-- EXERCISE INSTRUCTIONS --
Repeat each entry as written and leave the images out of the copy.

Stored records
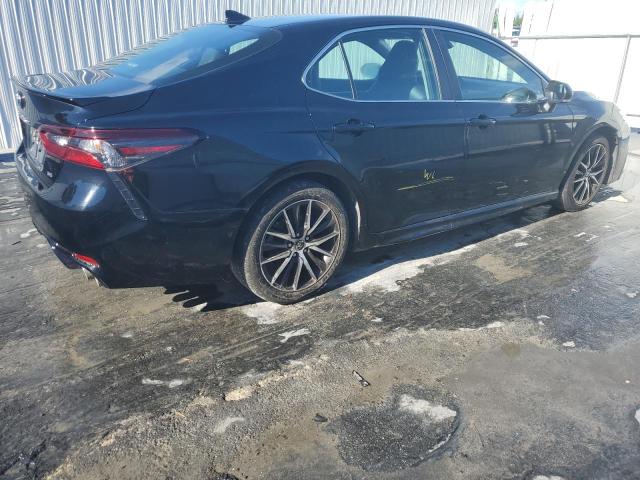 4T1G11AK7PU770454 - 2023 TOYOTA CAMRY SE NIGHT SHADE BLACK photo 3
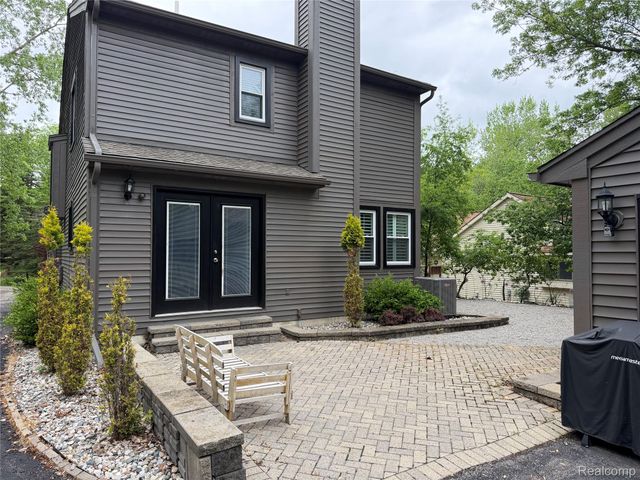 5589 Loveland Street, West Bloomfield Charter Township, MI 48322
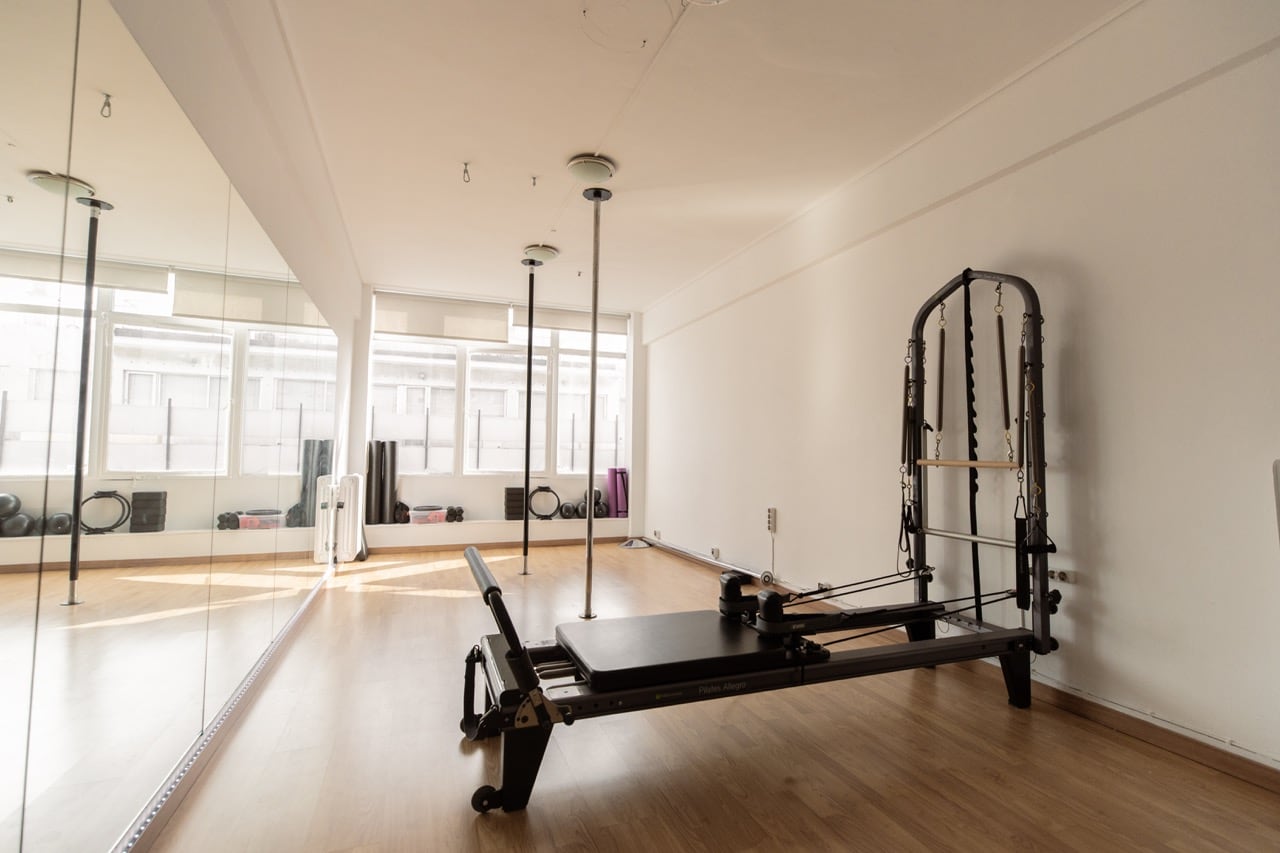 8th-floor-pole-and-pilates-pilates-reformer-athina-sportshunter-2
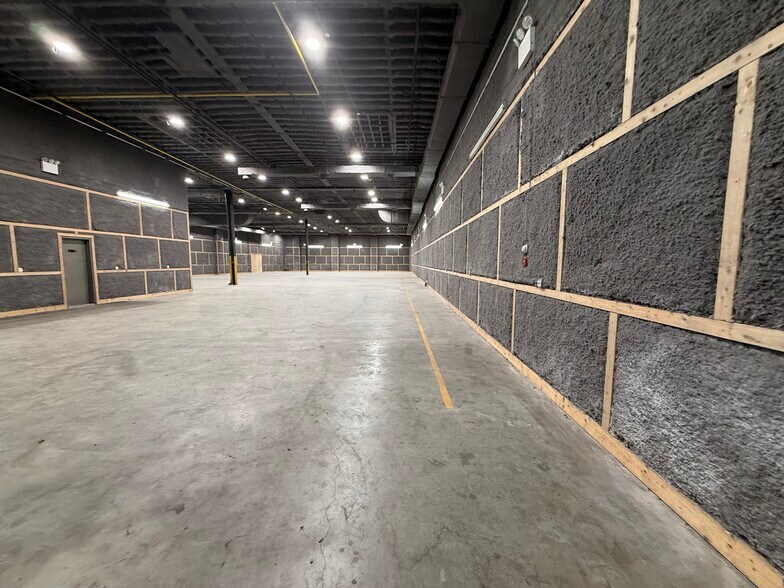 More Photos Of 1539 Covert St, Ridgewood Warehouse For Lease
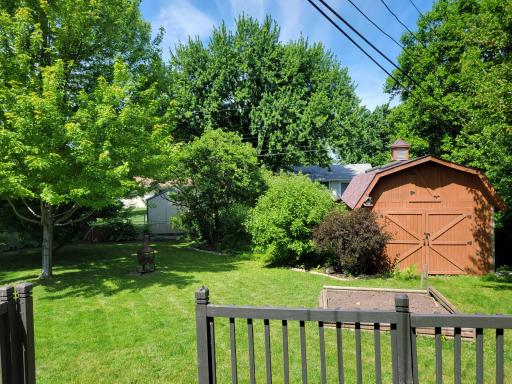 3949 Winnetka Avenue N, Minneapolis, MN 55427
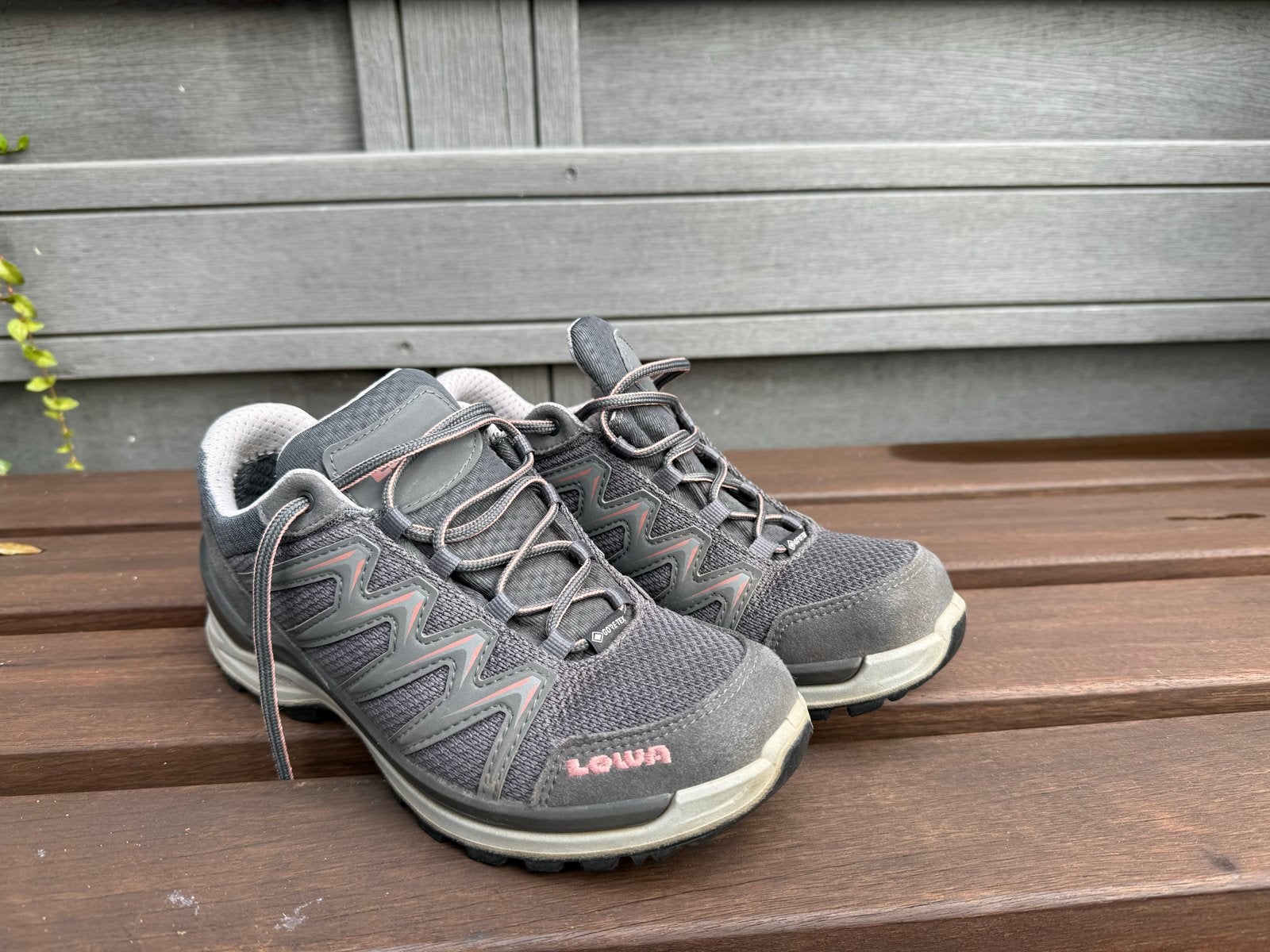 Lowa wandelschoenen dames  - Zo goed als nieuw maat 38, Ophalen of Verzenden, Zo goed als nieuw, Schoenen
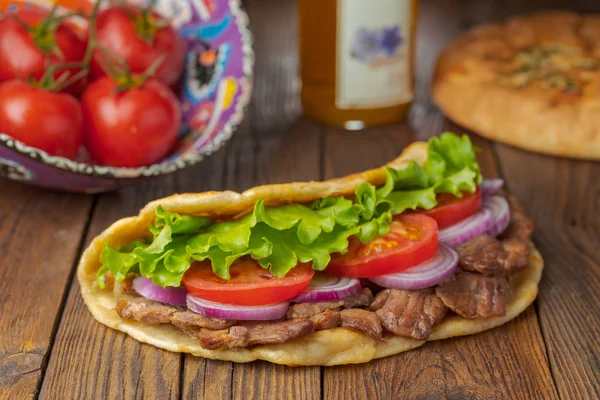 Heerlijke Verse Zelfgemaakte Pita Sandwich Met Geroosterde Vlees Tomaten Sla — Stockfoto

-- SOLUTION FOR THIS PROBLEM --
 4T1G11AK7PU770454 - 2023 TOYOTA CAMRY SE NIGHT SHADE BLACK photo 3
 5589 Loveland Street, West Bloomfield Charter Township, MI 48322
 8th-floor-pole-and-pilates-pilates-reformer-athina-sportshunter-2
 More Photos Of 1539 Covert St, Ridgewood Warehouse For Lease
 3949 Winnetka Avenue N, Minneapolis, MN 55427
 Lowa wandelschoenen dames  - Zo goed als nieuw maat 38, Ophalen of Verzenden, Zo goed als nieuw, Schoenen
 Heerlijke Verse Zelfgemaakte Pita Sandwich Met Geroosterde Vlees Tomaten Sla — Stockfoto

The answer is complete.